Monday, August 22, 2011

Profile: Tim Berners-Lee

Tim Berners-Lee could have been a billionaire if he had sold his invention, the World Wide Web. Instead, he is campaigning for internet access to be a fundamental right of everyone on earth.

by John Naish

Twenty years ago, Tim Berners-Lee launched the World Wide Web among a small circle of fellow computer enthusiasts. Today, the 56-year-old Briton remains one of the internet's most vigorous advocates. Its vast success, however, has had a downside: it has exposed him to a bombardment of requests from visionaries, obsessives and rubberneckers, as well as hordes of children demanding help with school projects. All expect him to exist as some kind of open-source human being.

Berners-Lee has never been an enthusiastic self-publicist. Nowadays, he shelters behind carapaces of email gateways and protective staff. He seldom gives interviews. If you're not persistent and pertinent, you may not even earn a rebuff. "I'm quite busy," he explains - a huge understatement - when eventually we talk on the phone.

“I have built a moat around myself, along with ways over that moat so that people can ask questions. What I do has to be a function of what I can do, not a function of what people ask me to do." (He tends to use techy terms such as "function" quite a lot.
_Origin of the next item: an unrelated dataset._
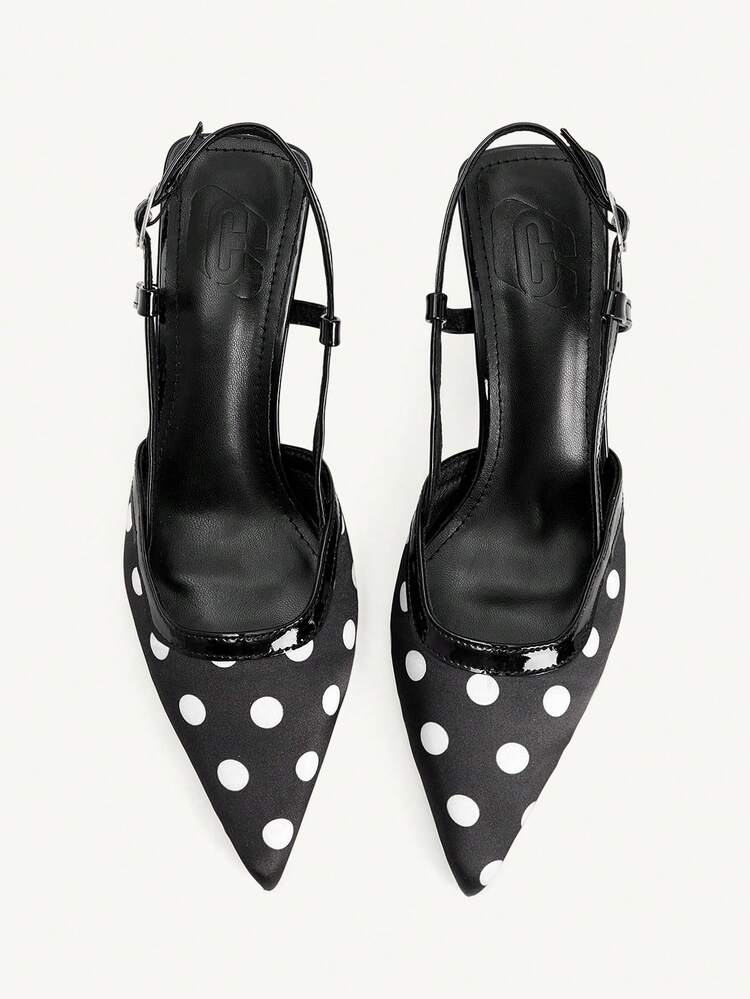 CUCCOO CHICEST Black Background White Polka Dot Pointed Back Empty High-Heeled Shoes. It Comes With A Rich French Retro Hong Kong Style Temperament, Both Elegant Femininity And A Sense Of Light And Familiar Atmosphere. It Is The Finishing Touch Of Retro Style Wear. The Upper Is Made Of Satin Textured Fabric With Classic Black And White Polka Dot Pattern, Which Is Soft And Shiny, Retro And Durable; The Edge Of The Toe And The Heel Strap Are Spliced With Glossy Patent Leather, And The Lines Are Neat And Exquisit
He doesn't mind "geek", either.)

That the creator of the web - a father of two children, separated from his wife and based in Cambridge, Massachusetts, where he pursues his research at the Massachusetts Institute of Technology - has to live like an electronic Howard Hughes is just one of the many paradoxes that his invention has thrown up over the past two decades.

Nevertheless, Berners-Lee is campaigning for ever more openness, pushing for the internet to exist as a free-for-all, unfettered by creeping government interference or commercial intrigue. He believes that access to the internet should be a human right.

Born to mathematician parents in west London in June 1955, Berners-Lee studied at Oxford University, graduating with a First in physics in 1976. In 1980, he joined the European Organisation for Nuclear Research in Geneva, better known as Cern, as a consultant but left a year later to become director of the tech firm Image Computer Systems.

Returning to Cern in 1984, he started working on hypertext to help researchers share information. His new project could easily have been dismissed as another case of a back-room enthusiast tinkering with clunky, electronic networks: even though he had the ability to construct a computer using a soldering iron and an old television set, Berners-Lee was just one of many sandal-wearing scientists.

“I wanted to build a creative space, something like a sandpit where everyone could play together," he says now. "Life was very simple. I was too busy to think about the bigger questions. I was writing specs for the web, writing the code. My priority was getting more people to use it, looking for communities who might adopt it. I just wanted the thing to take off."

Berners-Lee formally introduced his hobby-built system to the world on 6 August 1991 by posting a message on an internet bulletin board for fellow hypertext program developers. That day, he put the world's first proper website online. It explained what a website was and gave details of how to create one. Neither initiative caused any immediate interest.